-------- Data supplied --------
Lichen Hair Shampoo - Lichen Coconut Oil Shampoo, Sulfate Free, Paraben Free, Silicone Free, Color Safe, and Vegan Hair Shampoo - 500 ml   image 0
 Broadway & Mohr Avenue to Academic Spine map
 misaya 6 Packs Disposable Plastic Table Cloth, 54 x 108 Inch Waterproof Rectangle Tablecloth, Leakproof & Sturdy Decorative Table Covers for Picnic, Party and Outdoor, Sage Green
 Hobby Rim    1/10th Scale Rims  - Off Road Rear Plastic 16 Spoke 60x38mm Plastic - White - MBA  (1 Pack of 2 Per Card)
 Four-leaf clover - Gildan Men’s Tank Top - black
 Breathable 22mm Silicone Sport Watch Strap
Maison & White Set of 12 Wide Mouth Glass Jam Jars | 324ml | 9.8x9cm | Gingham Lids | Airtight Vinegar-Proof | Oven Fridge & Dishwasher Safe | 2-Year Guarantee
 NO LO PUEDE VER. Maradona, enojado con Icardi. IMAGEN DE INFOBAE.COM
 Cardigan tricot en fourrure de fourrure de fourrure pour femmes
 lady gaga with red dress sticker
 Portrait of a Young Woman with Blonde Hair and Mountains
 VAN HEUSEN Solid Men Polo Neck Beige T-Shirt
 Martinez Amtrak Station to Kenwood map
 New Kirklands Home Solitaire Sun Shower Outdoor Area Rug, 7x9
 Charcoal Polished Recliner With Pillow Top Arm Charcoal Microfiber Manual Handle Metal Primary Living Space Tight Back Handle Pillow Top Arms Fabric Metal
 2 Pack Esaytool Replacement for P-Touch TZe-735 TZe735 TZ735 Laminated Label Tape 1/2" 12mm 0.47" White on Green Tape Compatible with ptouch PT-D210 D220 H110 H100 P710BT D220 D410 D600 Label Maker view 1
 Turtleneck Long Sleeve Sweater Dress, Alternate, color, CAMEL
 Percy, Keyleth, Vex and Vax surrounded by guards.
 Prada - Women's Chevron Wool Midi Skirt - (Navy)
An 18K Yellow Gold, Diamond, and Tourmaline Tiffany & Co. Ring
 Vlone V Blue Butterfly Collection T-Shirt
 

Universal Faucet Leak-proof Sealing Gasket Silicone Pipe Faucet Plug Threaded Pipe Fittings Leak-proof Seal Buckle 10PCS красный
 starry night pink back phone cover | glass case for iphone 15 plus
--------
* [Exercise description]
For the word "Safe", find all matching lines in the entries above and copy them out.

* [Result of the exercise]
Lichen Hair Shampoo - Lichen Coconut Oil Shampoo, Sulfate Free, Paraben Free, Silicone Free, Color Safe, and Vegan Hair Shampoo - 500 ml   image 0
Maison & White Set of 12 Wide Mouth Glass Jam Jars | 324ml | 9.8x9cm | Gingham Lids | Airtight Vinegar-Proof | Oven Fridge & Dishwasher Safe | 2-Year Guarantee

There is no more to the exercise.